● Data for this task:
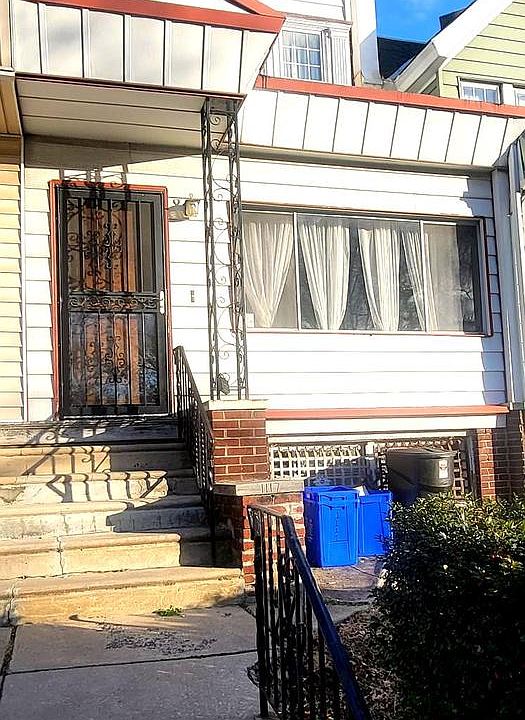 1st image of 1117 S 61st St
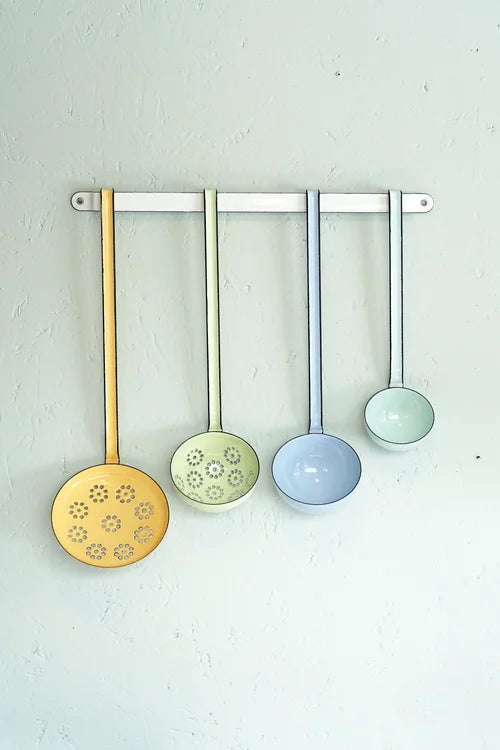 Turner/Baking Scoop - Golden Yellow - 12cm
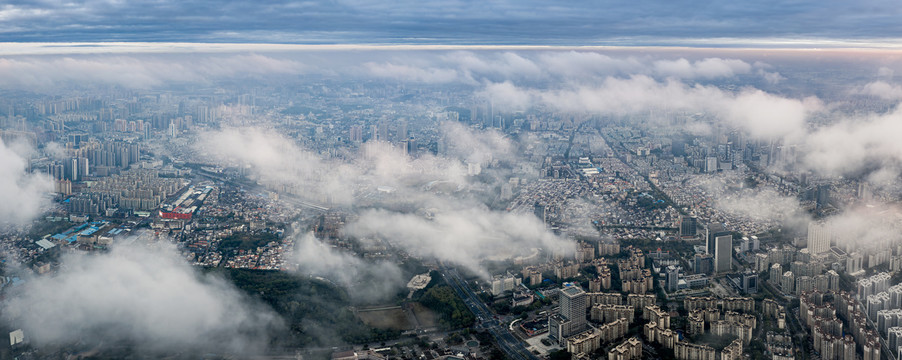 广东省中山市东区云海日出全景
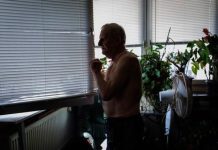 Da li treba otvarati ili zatvarati prozore na +40? Svi prave istu grešku, jedna navika više prži kuću od sunca Da li treba otvarati ili zatvarati prozore na +40? Svi prave istu grešku, jedna navika više prži kuću od sunca - featured image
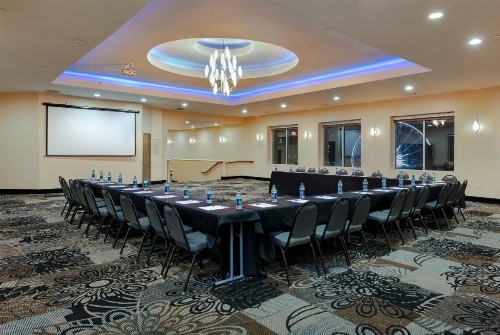 Holiday Inn Express & Suites - Atlanta Downtown an IHG Hotel - image 8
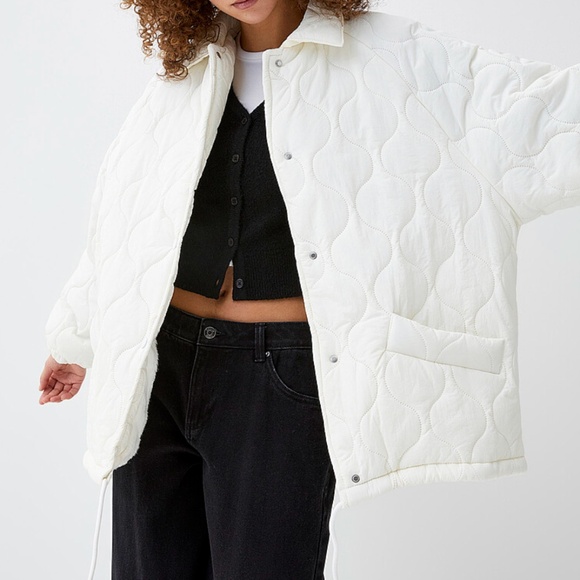 Grip & Co (sold by Simons) oversized white wavy topstitching quilted coat NWT - Picture 2 of 13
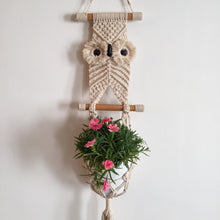 Load image into Gallery viewer, Macrame plant hanger.
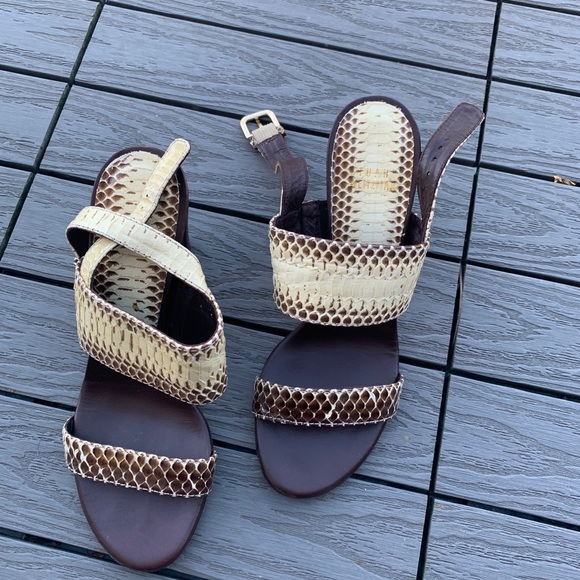 Sandals - Picture 3 of 4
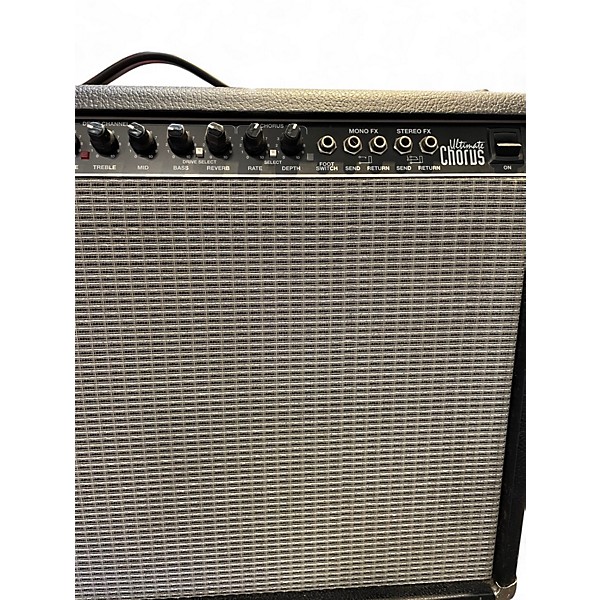 Used Fender Ultimate Chorus Guitar Combo Amp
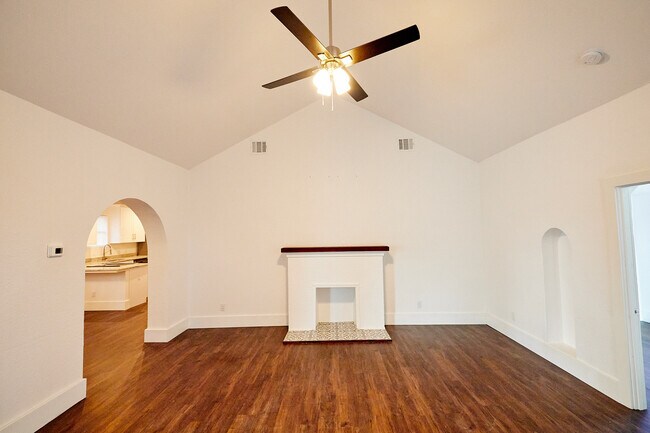 Foto del edificio - 1531 W Summit Ave.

● What you have to do: Output, exactly and only, the lines beginning with the one that contains "Used Fender Ultimate Chorus Guitar Combo Amp" and ending at the last line of the records above. Drop the pictures.

● Written solution:
 Used Fender Ultimate Chorus Guitar Combo Amp
 Foto del edificio - 1531 W Summit Ave.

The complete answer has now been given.